### [Stored dataset items]
***
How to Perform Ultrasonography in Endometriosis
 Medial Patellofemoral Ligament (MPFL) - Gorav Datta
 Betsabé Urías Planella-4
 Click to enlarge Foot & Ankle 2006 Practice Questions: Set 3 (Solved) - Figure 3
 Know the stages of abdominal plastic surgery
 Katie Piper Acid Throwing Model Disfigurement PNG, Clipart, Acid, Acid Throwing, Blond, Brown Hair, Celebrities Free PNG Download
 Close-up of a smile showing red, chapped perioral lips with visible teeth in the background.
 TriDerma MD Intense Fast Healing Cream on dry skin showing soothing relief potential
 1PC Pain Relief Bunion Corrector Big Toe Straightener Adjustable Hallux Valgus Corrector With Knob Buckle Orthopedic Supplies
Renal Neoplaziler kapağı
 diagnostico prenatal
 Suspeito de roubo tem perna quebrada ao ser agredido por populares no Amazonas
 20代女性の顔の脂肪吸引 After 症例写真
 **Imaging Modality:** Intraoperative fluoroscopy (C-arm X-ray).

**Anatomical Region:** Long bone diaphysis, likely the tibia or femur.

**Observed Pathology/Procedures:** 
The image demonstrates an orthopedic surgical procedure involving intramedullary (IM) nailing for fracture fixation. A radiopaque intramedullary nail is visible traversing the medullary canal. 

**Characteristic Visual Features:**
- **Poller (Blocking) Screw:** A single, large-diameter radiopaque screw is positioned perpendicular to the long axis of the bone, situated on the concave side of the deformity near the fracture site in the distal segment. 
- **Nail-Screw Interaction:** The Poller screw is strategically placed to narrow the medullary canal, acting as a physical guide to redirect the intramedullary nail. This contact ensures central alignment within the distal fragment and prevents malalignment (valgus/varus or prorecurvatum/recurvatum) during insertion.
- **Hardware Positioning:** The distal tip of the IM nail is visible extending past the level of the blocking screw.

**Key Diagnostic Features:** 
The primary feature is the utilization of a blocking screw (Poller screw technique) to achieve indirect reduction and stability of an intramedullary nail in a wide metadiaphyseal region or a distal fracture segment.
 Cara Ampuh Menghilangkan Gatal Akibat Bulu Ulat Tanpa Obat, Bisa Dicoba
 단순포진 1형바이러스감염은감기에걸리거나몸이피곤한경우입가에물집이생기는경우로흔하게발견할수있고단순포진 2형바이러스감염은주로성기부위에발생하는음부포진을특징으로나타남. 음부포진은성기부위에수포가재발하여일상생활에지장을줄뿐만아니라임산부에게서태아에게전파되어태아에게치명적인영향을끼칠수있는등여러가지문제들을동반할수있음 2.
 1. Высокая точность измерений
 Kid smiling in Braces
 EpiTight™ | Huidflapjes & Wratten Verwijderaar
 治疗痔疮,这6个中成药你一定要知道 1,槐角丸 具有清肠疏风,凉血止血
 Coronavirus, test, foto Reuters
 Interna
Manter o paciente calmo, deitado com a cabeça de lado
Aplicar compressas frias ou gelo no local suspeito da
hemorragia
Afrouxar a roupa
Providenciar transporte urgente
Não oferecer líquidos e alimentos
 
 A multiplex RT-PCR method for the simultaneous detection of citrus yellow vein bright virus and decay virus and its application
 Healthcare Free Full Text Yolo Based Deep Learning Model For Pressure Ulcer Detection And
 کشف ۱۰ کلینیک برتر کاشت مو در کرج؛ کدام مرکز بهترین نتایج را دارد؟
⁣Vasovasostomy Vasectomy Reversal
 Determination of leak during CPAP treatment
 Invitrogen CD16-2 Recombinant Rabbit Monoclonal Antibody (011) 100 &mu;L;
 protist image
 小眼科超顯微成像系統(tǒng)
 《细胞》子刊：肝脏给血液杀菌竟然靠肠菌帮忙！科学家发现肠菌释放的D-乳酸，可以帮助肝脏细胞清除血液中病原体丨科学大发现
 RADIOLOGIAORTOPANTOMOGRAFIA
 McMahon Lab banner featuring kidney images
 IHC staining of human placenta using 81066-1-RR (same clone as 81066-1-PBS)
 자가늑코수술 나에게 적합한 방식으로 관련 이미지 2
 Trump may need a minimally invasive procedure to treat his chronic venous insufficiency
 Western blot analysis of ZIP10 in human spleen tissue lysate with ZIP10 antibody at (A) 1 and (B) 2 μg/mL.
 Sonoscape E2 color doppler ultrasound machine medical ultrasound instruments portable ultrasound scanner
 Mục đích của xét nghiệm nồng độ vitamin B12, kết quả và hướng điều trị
***
### [Task to carry out]
Search the entries for the word "bone", then copy every line in which it is found.

### [Expected answer]
**Anatomical Region:** Long bone diaphysis, likely the tibia or femur.
- **Poller (Blocking) Screw:** A single, large-diameter radiopaque screw is positioned perpendicular to the long axis of the bone, situated on the concave side of the deformity near the fracture site in the distal segment. 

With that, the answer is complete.